Point cloud video understanding is critical for robotics as it accurately encodes motion and scene interaction. We recognize that 4D datasets are far scarcer than 3D ones, which hampers the scalability of self-supervised 4D models. A promising alternative is to transfer 3D pre-trained models to 4D perception tasks. However, rigorous empirical analysis reveals two critical limitations that impede transfer capability: overfitting and the modality gap. To overcome these challenges, we develop a novel "Align then Adapt" (PointATA) paradigm that decomposes parameter-efficient transfer learning into two sequential stages.
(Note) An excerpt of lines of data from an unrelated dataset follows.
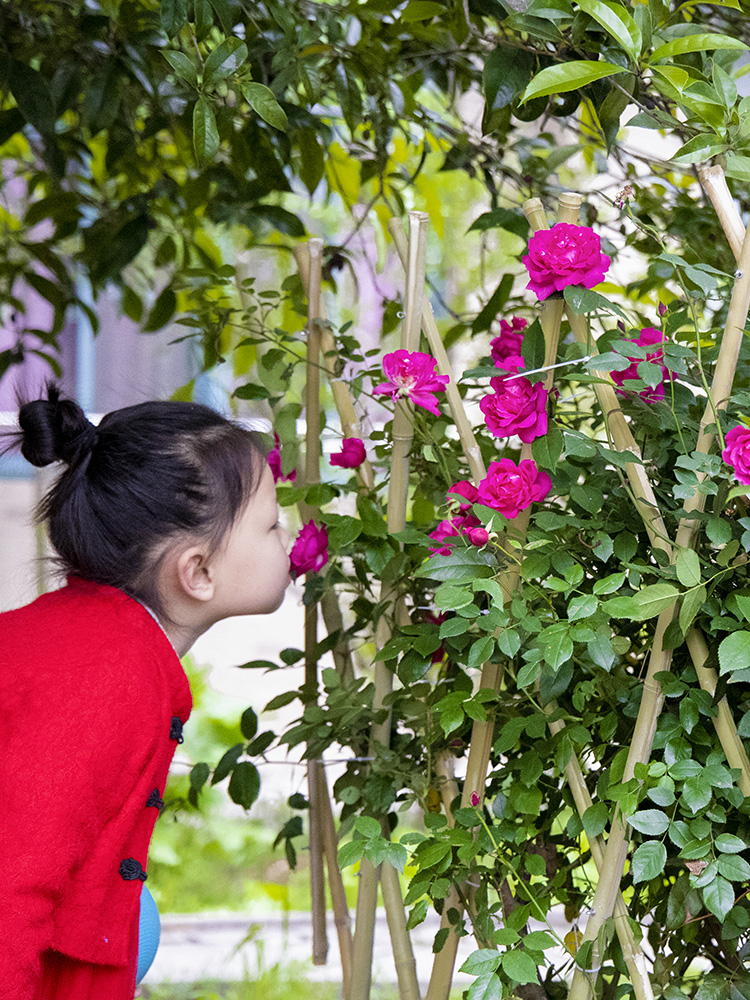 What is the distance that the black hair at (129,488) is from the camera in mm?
991

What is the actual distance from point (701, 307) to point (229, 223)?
0.77 m

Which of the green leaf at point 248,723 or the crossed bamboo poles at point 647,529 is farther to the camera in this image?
the green leaf at point 248,723

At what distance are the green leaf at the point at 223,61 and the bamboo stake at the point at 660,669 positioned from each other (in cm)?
45

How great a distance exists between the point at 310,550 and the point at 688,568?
1.69ft

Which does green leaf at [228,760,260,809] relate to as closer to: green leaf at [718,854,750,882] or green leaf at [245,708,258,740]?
green leaf at [245,708,258,740]

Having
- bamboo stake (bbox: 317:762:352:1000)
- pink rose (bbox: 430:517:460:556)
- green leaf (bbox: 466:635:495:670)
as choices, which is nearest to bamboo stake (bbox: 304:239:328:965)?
bamboo stake (bbox: 317:762:352:1000)

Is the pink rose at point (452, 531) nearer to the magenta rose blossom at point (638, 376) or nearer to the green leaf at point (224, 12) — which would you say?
the magenta rose blossom at point (638, 376)

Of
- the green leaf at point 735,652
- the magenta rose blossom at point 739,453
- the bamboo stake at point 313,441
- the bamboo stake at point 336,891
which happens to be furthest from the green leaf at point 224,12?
the bamboo stake at point 336,891

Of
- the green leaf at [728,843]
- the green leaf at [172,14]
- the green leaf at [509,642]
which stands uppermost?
the green leaf at [172,14]

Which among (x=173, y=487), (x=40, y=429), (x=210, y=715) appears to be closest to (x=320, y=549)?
(x=173, y=487)

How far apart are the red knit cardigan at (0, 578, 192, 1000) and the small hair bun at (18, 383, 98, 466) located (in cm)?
15

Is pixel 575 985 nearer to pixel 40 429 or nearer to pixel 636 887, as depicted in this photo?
pixel 636 887

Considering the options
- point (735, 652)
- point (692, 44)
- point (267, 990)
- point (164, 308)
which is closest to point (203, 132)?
point (692, 44)

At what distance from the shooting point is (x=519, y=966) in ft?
2.49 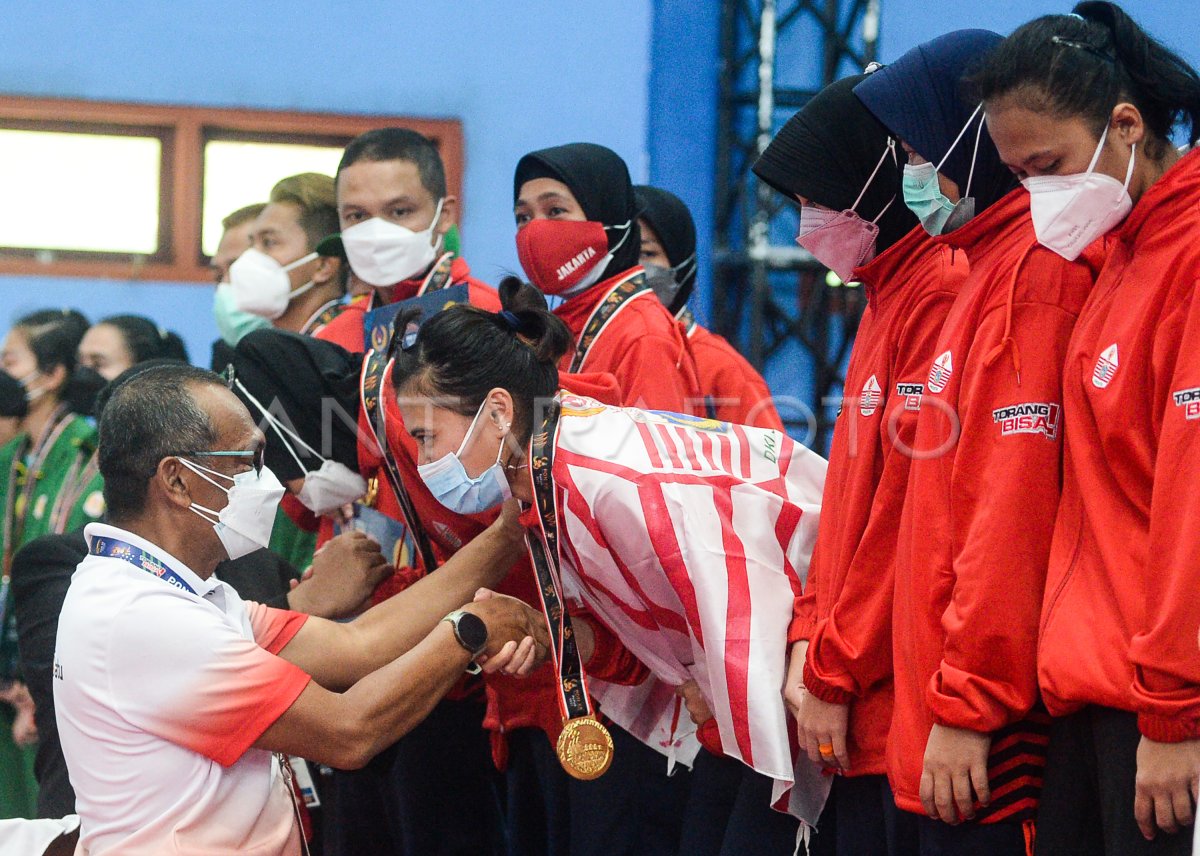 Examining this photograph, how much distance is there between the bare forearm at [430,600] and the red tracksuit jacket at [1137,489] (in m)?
1.32

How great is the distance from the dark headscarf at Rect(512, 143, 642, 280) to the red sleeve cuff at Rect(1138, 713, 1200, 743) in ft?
6.79

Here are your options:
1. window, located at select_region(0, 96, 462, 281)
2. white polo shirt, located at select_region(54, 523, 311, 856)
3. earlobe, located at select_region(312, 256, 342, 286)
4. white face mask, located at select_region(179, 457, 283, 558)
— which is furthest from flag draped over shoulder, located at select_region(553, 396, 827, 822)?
window, located at select_region(0, 96, 462, 281)

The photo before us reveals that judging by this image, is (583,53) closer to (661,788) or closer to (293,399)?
(293,399)

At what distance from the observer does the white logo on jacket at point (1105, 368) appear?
6.43 ft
Optimal-transport theory is employed to quantify the distributional discrepancy between 3D and 4D datasets, enabling our proposed point align embedder to be trained in Stage 1 to alleviate the underlying modality gap. To mitigate overfitting, an efficient point-video adapter and a spatial-context encoder are integrated into the frozen 3D backbone to enhance temporal modeling capacity in Stage 2. Notably, with the above engineering-oriented designs, PointATA enables a pre-trained 3D model without temporal knowledge to reason about dynamic video content at a smaller parameter cost compared to previous work. Extensive experiments show that PointATA can match or even outperform strong full fine-tuning models, whilst enjoying the advantage of parameter efficiency, e.g. 97.21 \% accuracy on 3D action recognition, $+8.7 \%$ on 4 D action segmentation, and 84.06\% on 4D semantic segmentation.

翻译：点云视频理解对机器人技术至关重要，因为它能准确编码运动与场景交互。我们认识到4D数据集远少于3D数据集，这限制了自监督4D模型的可扩展性。一个可行的替代方案是将3D预训练模型迁移到4D感知任务。然而，严格的实证分析揭示了两个阻碍迁移能力的关键限制：过拟合和模态差距。为克服这些挑战，我们提出了一种新颖的"先对齐后适配"（PointATA）范式，将参数高效迁移学习分解为两个连续阶段。采用最优传输理论量化3D与4D数据集间的分布差异，使得我们提出的点对齐嵌入器在第一阶段得到训练，以缓解潜在的模态差距。为减轻过拟合，在第二阶段将高效的点视频适配器与空间上下文编码器集成到冻结的3D骨干网络中，以增强时序建模能力。值得注意的是，凭借上述工程导向设计，PointATA使缺乏时序知识的预训练3D模型能够以相比先前工作更低的参数成本推理动态视频内容。大量实验表明，PointATA可匹配甚至超越强全微调模型，同时享受参数效率优势，例如在3D动作识别上达97.21%准确率，在4D动作分割上提升+8.7%，在4D语义分割上达84.06%。